Over the years, I have built fly rods and bought rods that would make it easier to carry them on a motorcycle. Then, I discovered Tenkara in 2013, and that changed my motorcycle/fishing world completely. However, I still like to use a conventional fly rod from time to time. It all depends upon the water to be fished. The minimalist approach to Tenkara just makes perfect sense with the motorcycle. So, for 2021, here is my list of gear for fly fishing with the motorcycle as transportation.

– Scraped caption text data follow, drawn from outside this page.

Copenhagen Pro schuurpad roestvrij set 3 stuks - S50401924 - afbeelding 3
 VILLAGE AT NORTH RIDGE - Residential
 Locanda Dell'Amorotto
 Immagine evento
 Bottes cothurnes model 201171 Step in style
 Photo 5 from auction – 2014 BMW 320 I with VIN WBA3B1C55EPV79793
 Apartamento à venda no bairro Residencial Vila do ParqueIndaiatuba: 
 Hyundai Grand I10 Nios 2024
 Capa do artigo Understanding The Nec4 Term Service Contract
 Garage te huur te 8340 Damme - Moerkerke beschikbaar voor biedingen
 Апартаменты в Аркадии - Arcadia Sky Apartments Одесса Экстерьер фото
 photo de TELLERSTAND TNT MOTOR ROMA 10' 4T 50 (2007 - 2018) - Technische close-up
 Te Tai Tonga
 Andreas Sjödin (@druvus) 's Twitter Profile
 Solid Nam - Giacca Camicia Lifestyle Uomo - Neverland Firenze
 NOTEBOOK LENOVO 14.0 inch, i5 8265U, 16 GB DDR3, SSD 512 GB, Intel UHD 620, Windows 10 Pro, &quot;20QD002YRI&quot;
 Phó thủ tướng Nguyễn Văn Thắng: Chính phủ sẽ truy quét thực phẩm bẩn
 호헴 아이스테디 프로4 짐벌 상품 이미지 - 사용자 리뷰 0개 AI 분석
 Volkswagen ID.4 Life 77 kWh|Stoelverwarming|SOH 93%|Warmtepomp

Any one of these will fit into the bags on my motorcycle. From top to bottom:
Tiny Tenkara. 8.5” collapsed, 54” extended
Tiny Tenkara 2. It is 14.5” in rod tube, 8’ extended
Tenkara USA Hane’. 17” in rod tube, 10’10” extended
7-piece, 9’ 5wt travel fly rod. 18” in rod sock
5-piece, 7.5’ 4wt fly rod. 20” in rod sock
Of course, there are a lot of other manufacturers and options out there. Find one you like, and get to fishing.
I do not use a fishing vest preferring a pack instead. I have three in different sizes. They can carry an assortment of fly boxes. It just depends upon how much you want to carry, or more importantly, how much room on the motorcycle is available. L to R above:
Simms small sling pack. Plenty of room for fly boxes and gear, including space for a water bottle on the bottom.
Fishpond small waist pack. Less room, but will hold one fly reel as well as fly boxes.
Fishpond small chest pack. Minimal gear. One small fly box.
With the minimalist approach of Tenkara, the small Fishpond chest pack is perfect, and it takes up less room in the motorcycle bags.
I think a net is a luxury for motorcycle fly fishing, especially if you are also hauling camping gear. But I recently discovered a net manufacturer who has been in business since 1955, and I think his net will be just the ticket for saving space.
The top net is one I built. It is 21” long, and will fit in a bag if you tilt it a little. It’s a nice net, and there have been plenty of fish in it. The little one is an expandable net from Handy Pak Net Company in Pennsylvania. It has a spring steel rim, folds up to fit in that pouch, AND it is a bigger net than my homebuilt. The Handy Pak Net is going with me on the motorcycle.
What about waders? Waders take up too much space, and if you’re going motorcycle camping, they are left behind. You either wet wade or fish from shore. If you’re just going fishing near where you live, there is probably room for waders. I prefer waist sock-foot waders with a separate boot. The waist waders fold up into a smaller package for transportation. Plan on some kind of plastic bag for carrying wet waders and boots home.
That’s all folks!
I am so ready to get on the motorcycle and go fishing.
See you on the highway (or maybe on the water … or both).